Golf is probably the most conservative of all sports. In 2016 it outlawed “belly putting”, in which a long putter is anchored against the player’s stomach or chest. I never saw the problem. If belly putting suits some players, then why not? You might as well outlaw unusual grips, or marked pauses at the top of the backswing, just because they’re different.

The joint statement by the US Golf Association and the Royal and Ancient Club of St Andrew justifying their new rule was revealing. In a document of some thirty-two pages, they nowhere raised the issue of whether golf would be a better game if belly putting were allowed. Their objection was solely that it would be different. As they saw it, the trouble with belly putting was that it did not preserve “the essence of the traditional method of golf stroke”. I suppose it’s not surprising to find the golf authorities winning the prize for mindless conservatism. They’d probably prefer a world without electricity too.

And then there are the guardians of gridiron football. In the 2015 play-offs, the New England Patriots found a way of using the NFL’s complex regulations about pass-receiving “eligibility” to so bemuse the Baltimore Ravens defence that Tom Brady was able to complete a sixteen-yard pass to a wide-open tight end, and then to repeat the gambit a few plays later. The NFL owners’ response was to promptly change the rules. No doubt they were fearful that ingenuity might become a permanent feature of football.

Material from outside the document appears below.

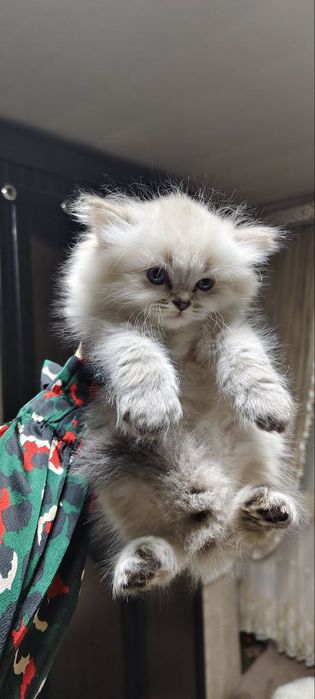 Скоттиш Страйт Хайленд Поинт вязка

There is one particular species of gamesmanship that sometimes get people very worked up. In many multi-stage tournaments, a group competition is followed by a knockout, with the match-ups in the knockout stage determined by positions in the groups. (The winner of group A plays the runner-up in group B,… and so on.) If the organizers aren’t careful, this can create opportunities for clever competitors to manoeuvre themselves an easy path through the tournament by being economical with their talents.

In the 2012 Olympics, the women’s badminton doubles featured a groups-followed-by-knockout format for the first time. The trouble started when one of the top Chinese pairs failed to win their group. This meant that the top two teams in the adjacent group, already assured of progress to the knockout stage, both had an incentive to lose their final group match and so sidestep the strong Chinese in the next round.

Just the same situation arose in the other half of the draw. The upshot was that spectators at the Wembley Arena for the final group games were treated to two “looking-glass” matches, in which both sides tried their hardest to lose. The players repeatedly served out of court, put the shuttlecock in the net, or missed it completely, prompting jeers and boos from the crowd.

The organizers’ response was to disqualify all four pairs, for “not using their best efforts to win a match” and “conducting themselves in a manner that is clearly abusive or detrimental to the sport”—with the result that the gold eventually went to the Chinese pair that had initially failed to top their group (a placing that in retrospect itself came to look suspect).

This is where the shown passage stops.